_Required action:_ The listing below should be written out word for word, with its pictures removed.

_Data provided:_

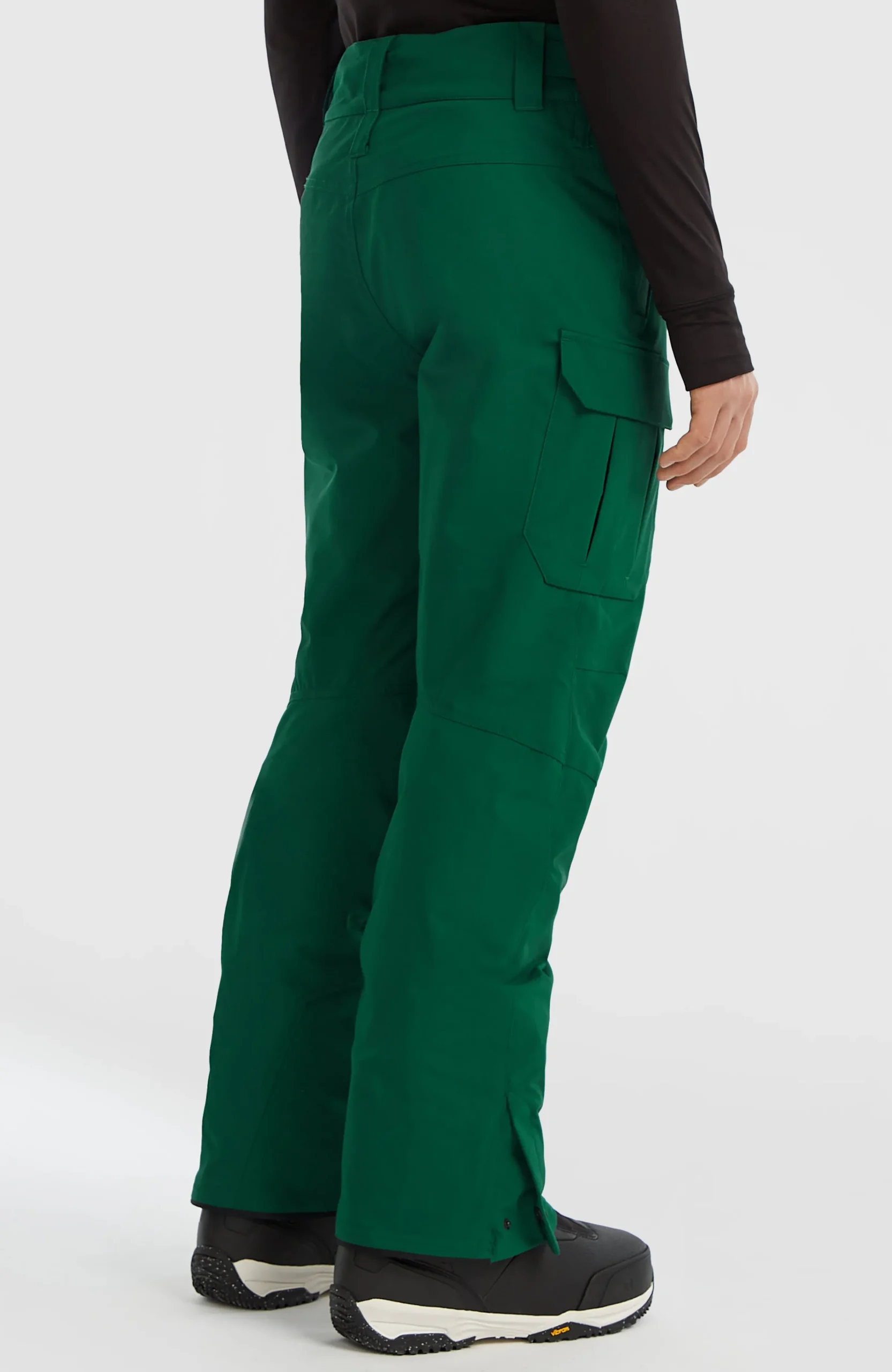 Homme O'Neill Pantalons De Ski|Pantalons De Snowboard-HommesPantalon de ski FWC'Peak Cargo| Vert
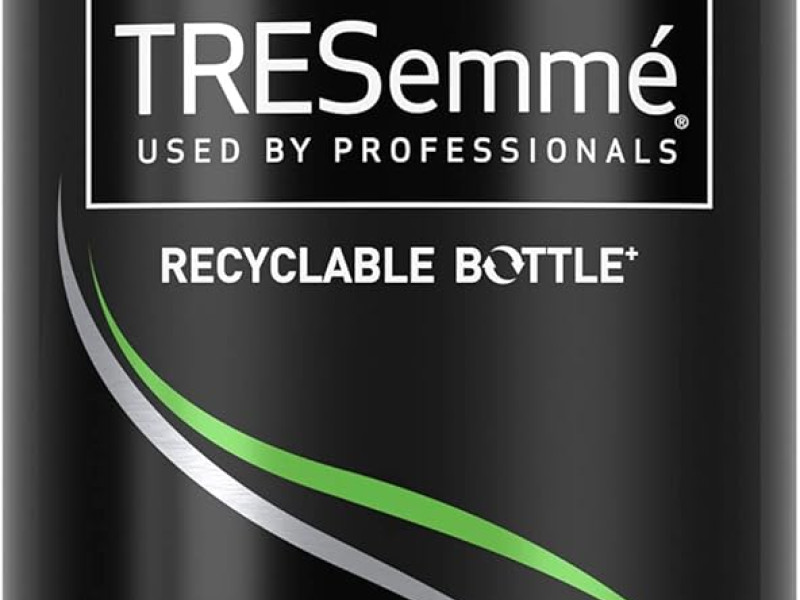 TRESEMME REPLENISH & CLEANSE SHAMPOO 900 ML TRESEMME REPLENISH & CLEANSE SHAMPOO 900 ML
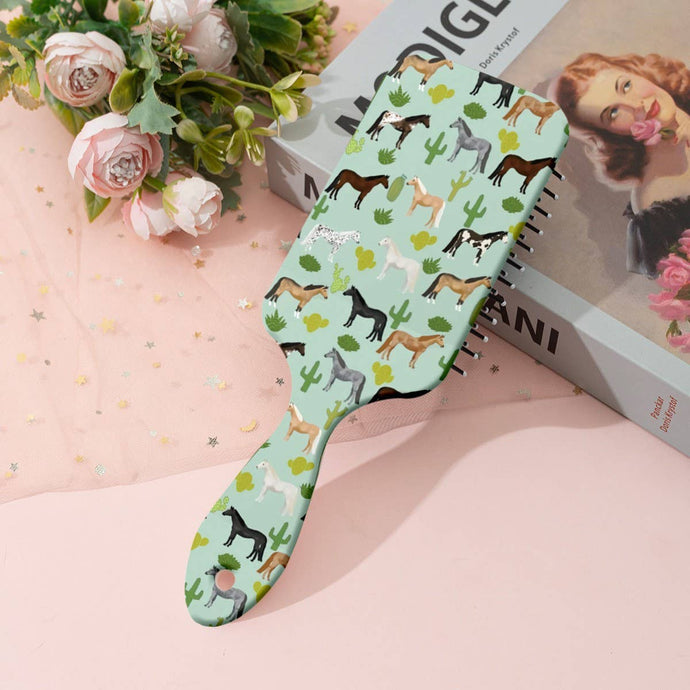 Horse Large Detangle Paddle Hair Brush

_Task output:_
 Homme O'Neill Pantalons De Ski|Pantalons De Snowboard-HommesPantalon de ski FWC'Peak Cargo| Vert
 TRESEMME REPLENISH & CLEANSE SHAMPOO 900 ML TRESEMME REPLENISH & CLEANSE SHAMPOO 900 ML
 Horse Large Detangle Paddle Hair Brush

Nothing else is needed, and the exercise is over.